***** Data provided *****

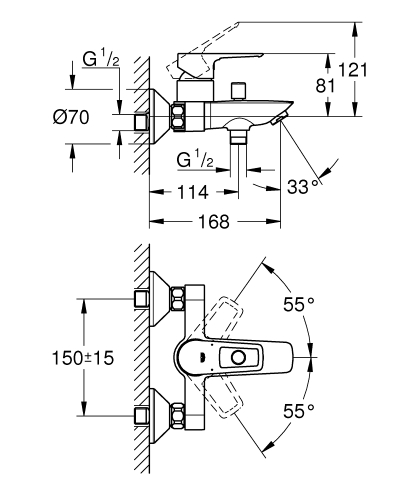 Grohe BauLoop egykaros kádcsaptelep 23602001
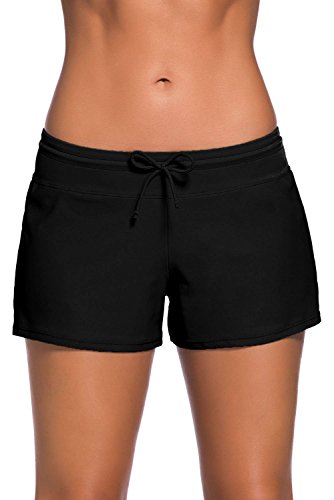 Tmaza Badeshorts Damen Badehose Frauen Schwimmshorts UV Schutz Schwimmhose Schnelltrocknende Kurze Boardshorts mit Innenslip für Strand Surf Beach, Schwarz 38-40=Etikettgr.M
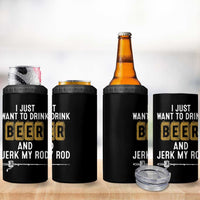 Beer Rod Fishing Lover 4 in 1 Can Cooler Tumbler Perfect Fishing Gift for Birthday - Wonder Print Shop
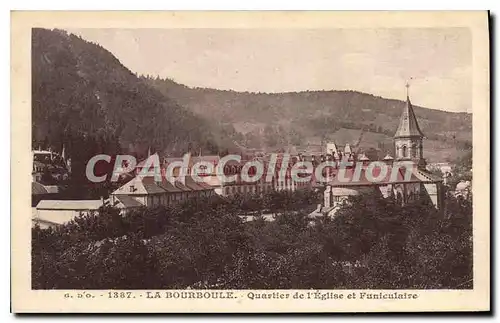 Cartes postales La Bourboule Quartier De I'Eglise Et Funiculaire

*****

_Assignment_
Would you return the whole listing above exactly as written, skipping any image?

_Solved problem_
 Grohe BauLoop egykaros kádcsaptelep 23602001
 Tmaza Badeshorts Damen Badehose Frauen Schwimmshorts UV Schutz Schwimmhose Schnelltrocknende Kurze Boardshorts mit Innenslip für Strand Surf Beach, Schwarz 38-40=Etikettgr.M
 Beer Rod Fishing Lover 4 in 1 Can Cooler Tumbler Perfect Fishing Gift for Birthday - Wonder Print Shop
 Cartes postales La Bourboule Quartier De I'Eglise Et Funiculaire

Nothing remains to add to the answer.